What is the difference between TAR vs CPIO archive file formats?

41

8

I am curious and did a bit of reading but still have questions.

What makes CPIO different than TAR? I was told in another question that tar is for pulling together many files into 1 archive which then is usually gzip'd or bzip'd.

Also I was told TAR cannot compress from STDOUT. I want to archive / compress ZFS snapshots for backups. I was wondering if I could combine CPIO with bzip2 to get this effect.

Or do I have the completely wrong idea? Is that not what CPIO's purpose is?

This is the kind of commands I have came up after reading so Oracle docs on backing up ZFS snapshots.

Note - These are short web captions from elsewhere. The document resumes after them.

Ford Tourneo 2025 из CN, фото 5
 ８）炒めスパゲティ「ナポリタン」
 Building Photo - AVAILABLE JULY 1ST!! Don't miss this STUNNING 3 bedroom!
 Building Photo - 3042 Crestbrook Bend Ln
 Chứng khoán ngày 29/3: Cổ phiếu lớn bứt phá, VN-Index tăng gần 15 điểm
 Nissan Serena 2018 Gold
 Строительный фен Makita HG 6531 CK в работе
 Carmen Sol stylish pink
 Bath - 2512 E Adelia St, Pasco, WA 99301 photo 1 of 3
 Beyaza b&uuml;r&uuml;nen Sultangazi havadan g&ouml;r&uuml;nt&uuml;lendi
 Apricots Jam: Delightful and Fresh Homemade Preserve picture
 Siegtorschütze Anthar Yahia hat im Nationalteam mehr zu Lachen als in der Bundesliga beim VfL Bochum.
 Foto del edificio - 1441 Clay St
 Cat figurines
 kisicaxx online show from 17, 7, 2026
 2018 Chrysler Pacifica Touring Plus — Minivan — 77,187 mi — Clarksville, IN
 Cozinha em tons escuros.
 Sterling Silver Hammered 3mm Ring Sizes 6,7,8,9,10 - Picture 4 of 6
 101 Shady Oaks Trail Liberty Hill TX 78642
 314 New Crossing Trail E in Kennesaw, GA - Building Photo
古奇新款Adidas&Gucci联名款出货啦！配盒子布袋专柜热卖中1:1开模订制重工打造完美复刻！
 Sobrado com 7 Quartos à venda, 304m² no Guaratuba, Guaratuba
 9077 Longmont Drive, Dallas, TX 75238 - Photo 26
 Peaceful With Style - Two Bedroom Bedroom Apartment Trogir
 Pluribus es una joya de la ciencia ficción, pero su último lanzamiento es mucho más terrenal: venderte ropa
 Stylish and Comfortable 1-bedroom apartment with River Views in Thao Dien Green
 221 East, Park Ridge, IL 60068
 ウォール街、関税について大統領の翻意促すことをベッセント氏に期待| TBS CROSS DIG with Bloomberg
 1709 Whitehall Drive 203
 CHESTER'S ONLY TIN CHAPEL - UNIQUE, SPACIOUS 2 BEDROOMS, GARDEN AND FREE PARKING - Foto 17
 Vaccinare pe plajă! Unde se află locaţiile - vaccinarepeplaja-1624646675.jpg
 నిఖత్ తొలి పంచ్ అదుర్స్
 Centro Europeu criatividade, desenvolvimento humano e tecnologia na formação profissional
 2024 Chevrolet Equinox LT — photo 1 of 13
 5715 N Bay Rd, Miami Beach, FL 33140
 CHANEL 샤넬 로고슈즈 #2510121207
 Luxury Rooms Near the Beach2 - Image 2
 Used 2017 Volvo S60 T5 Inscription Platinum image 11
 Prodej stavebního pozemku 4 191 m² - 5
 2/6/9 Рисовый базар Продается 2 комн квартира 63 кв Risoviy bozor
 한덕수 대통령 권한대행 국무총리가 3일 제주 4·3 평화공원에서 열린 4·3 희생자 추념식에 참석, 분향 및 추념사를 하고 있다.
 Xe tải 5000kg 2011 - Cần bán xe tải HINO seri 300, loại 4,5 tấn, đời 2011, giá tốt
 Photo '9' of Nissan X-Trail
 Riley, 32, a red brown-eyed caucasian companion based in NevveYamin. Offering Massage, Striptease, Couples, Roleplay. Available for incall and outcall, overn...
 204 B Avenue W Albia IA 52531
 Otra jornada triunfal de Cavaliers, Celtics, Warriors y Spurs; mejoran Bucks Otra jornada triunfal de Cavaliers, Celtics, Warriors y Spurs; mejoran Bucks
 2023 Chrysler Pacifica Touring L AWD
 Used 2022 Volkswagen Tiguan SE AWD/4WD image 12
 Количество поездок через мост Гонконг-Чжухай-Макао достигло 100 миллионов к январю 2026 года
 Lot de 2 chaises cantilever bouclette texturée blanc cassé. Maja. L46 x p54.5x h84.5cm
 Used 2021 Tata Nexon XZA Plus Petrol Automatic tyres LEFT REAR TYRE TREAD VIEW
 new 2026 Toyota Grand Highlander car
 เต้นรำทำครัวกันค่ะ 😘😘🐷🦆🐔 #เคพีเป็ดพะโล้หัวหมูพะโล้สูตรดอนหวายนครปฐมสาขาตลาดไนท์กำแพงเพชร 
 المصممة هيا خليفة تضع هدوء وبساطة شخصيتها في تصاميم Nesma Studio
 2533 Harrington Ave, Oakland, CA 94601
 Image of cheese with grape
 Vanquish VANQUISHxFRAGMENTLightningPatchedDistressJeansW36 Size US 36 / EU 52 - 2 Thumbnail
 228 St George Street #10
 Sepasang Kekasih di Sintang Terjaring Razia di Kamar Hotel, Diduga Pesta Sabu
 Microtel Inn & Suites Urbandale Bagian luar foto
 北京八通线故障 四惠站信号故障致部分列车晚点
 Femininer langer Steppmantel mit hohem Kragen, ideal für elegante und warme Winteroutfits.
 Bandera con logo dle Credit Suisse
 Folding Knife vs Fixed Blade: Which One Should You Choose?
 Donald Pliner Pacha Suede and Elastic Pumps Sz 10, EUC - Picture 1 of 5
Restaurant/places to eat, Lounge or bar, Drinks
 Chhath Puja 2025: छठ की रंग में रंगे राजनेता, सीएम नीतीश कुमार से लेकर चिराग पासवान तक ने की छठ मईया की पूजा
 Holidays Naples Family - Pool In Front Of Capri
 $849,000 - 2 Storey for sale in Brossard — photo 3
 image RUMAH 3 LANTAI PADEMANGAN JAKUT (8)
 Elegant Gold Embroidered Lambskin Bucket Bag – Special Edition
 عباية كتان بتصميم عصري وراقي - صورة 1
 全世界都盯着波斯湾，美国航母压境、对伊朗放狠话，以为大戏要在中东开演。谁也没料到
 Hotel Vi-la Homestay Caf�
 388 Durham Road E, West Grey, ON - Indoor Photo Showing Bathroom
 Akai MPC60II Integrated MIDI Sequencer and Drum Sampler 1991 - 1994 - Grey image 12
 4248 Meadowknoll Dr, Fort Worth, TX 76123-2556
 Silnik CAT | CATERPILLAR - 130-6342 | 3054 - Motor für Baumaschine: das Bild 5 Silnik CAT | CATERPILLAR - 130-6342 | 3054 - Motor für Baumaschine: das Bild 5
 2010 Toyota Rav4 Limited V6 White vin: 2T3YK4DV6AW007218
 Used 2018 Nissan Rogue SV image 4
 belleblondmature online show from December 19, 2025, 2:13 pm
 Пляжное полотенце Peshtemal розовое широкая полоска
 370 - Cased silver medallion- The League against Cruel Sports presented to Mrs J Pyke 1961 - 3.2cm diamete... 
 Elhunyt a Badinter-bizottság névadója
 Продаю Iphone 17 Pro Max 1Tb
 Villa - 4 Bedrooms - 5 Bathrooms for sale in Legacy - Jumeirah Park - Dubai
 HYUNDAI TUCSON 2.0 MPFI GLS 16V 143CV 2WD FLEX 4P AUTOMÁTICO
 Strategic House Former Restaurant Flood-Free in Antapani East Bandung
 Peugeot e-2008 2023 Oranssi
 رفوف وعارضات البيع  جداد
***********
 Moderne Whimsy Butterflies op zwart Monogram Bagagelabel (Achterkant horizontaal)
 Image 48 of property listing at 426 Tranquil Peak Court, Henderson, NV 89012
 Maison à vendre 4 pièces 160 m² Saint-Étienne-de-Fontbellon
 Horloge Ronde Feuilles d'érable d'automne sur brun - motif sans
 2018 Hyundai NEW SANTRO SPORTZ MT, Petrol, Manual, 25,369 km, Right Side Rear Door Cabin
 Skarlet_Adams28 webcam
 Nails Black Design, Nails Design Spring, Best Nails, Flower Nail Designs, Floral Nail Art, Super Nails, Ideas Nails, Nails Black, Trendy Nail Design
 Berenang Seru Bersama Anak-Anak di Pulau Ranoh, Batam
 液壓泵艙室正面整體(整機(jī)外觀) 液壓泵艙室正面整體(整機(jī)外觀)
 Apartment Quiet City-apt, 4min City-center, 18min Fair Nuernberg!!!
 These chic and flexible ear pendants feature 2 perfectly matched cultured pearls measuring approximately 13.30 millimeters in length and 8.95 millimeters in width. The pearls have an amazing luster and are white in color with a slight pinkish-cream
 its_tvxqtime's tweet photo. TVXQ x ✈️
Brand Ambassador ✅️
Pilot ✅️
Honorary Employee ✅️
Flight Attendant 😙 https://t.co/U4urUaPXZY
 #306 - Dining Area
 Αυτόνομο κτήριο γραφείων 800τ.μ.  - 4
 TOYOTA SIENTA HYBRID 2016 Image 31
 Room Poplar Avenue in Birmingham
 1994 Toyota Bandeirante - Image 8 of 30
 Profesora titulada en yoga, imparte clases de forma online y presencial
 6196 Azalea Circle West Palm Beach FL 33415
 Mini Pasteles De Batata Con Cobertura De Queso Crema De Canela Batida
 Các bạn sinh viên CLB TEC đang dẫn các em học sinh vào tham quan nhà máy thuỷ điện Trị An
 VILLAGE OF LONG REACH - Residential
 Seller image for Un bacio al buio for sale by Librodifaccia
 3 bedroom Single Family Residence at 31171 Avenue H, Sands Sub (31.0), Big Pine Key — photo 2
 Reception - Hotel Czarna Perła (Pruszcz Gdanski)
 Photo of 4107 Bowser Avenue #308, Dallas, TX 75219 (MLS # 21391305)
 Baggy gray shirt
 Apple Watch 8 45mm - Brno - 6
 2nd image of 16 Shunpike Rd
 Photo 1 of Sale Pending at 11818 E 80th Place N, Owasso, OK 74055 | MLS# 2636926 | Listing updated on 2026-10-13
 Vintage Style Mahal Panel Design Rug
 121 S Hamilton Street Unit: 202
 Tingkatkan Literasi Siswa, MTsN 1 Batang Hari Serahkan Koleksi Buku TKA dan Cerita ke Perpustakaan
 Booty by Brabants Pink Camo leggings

# Backup snapshot to cpio and bzip2 archive
zfs send media/mypictures@20070607 | cpio -o | bzip2 -9c > ~/backups/20070607.bz2

# Restore snapshot from cpio and bzip2 archive
zfs recieve media/mypictures@20070607 | cpio -i | bunzip2 -c ~/backups/20070607.bz2

ianc1215

Posted 2011-10-07T07:11:34.820

Reputation: 2 884

don't forget pax :P – Janus Troelsen – 2013-04-29T16:26:51.480

Answers

28

Both tar and cpio have a single purpose: concatenate many separate files to a single stream. They don't compress data. (These days tar is more popular due to its relative simplicity – it can take input files as arguments instead of having to be coupled with find as cpio has.)

In your case, you do not need either of these tools; they would have no useful effect, because you don't have many separate files. zfs send already did the same thing that tar would have done. So you don't have any files, only a nameless stream.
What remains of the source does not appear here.